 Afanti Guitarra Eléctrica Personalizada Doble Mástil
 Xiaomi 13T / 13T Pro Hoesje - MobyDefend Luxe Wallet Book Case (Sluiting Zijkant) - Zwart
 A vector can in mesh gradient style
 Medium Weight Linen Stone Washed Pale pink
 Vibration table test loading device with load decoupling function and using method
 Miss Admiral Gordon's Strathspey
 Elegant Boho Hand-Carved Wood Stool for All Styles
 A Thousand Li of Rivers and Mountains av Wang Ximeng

--

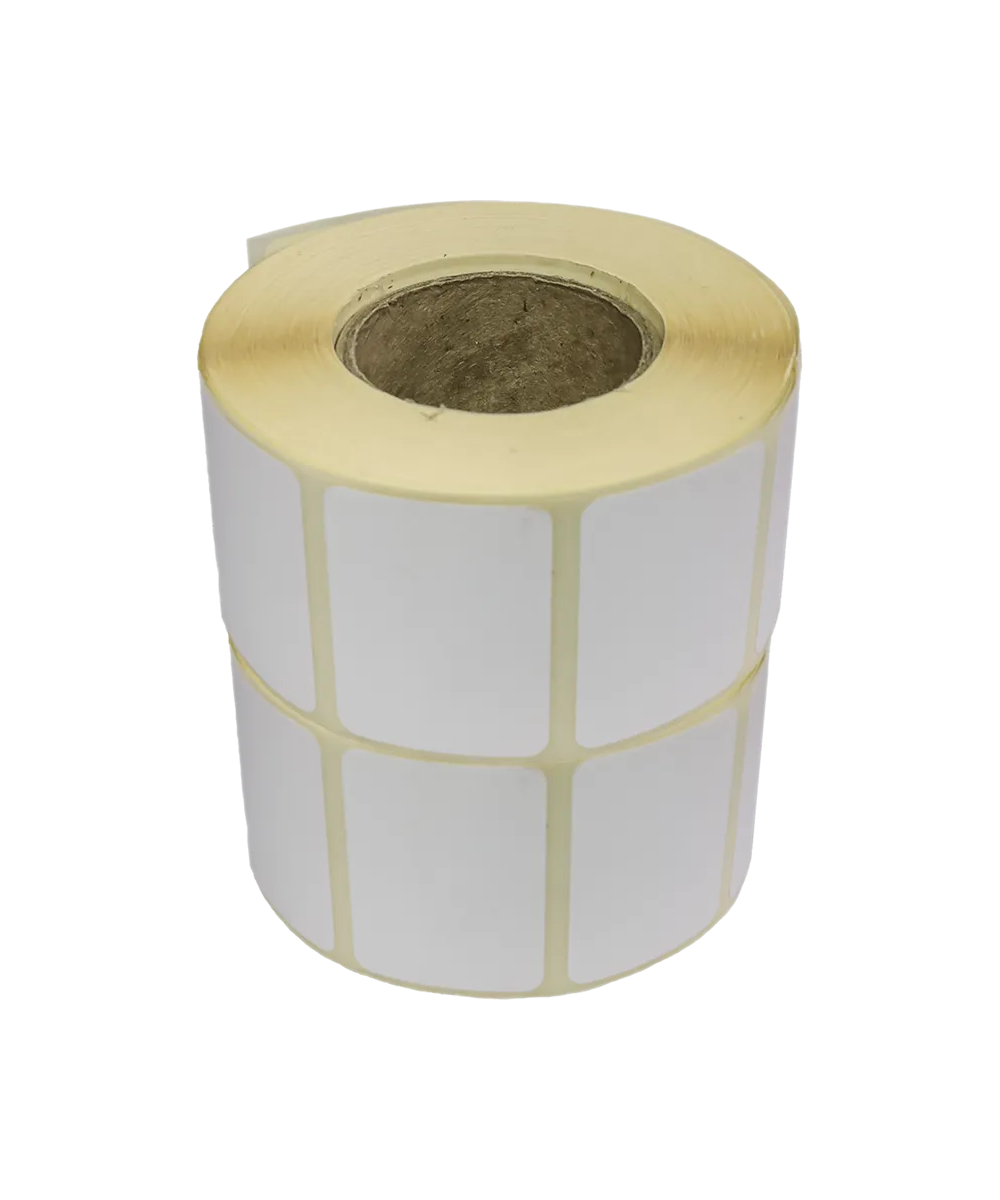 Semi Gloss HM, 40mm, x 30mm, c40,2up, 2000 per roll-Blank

--

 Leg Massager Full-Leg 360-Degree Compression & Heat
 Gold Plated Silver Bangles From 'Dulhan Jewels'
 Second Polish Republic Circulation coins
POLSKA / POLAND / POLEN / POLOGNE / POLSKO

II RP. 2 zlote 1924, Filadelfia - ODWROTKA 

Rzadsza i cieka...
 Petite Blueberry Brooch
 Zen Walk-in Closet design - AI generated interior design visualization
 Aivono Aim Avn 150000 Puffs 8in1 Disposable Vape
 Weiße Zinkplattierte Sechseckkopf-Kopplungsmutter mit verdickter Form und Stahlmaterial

--

__GOAL OF THE EXERCISE__. A verbatim transcription is needed of the lines above, starting at the line with "Rzadsza i cieka..." and ending at the line with "Weiße Zinkplattierte Sechseckkopf-Kopplungsmutter", both included, and of nothing else.

__TASK SOLUTION__.
Rzadsza i cieka...
 Petite Blueberry Brooch
 Zen Walk-in Closet design - AI generated interior design visualization
 Aivono Aim Avn 150000 Puffs 8in1 Disposable Vape
 Weiße Zinkplattierte Sechseckkopf-Kopplungsmutter mit verdickter Form und Stahlmaterial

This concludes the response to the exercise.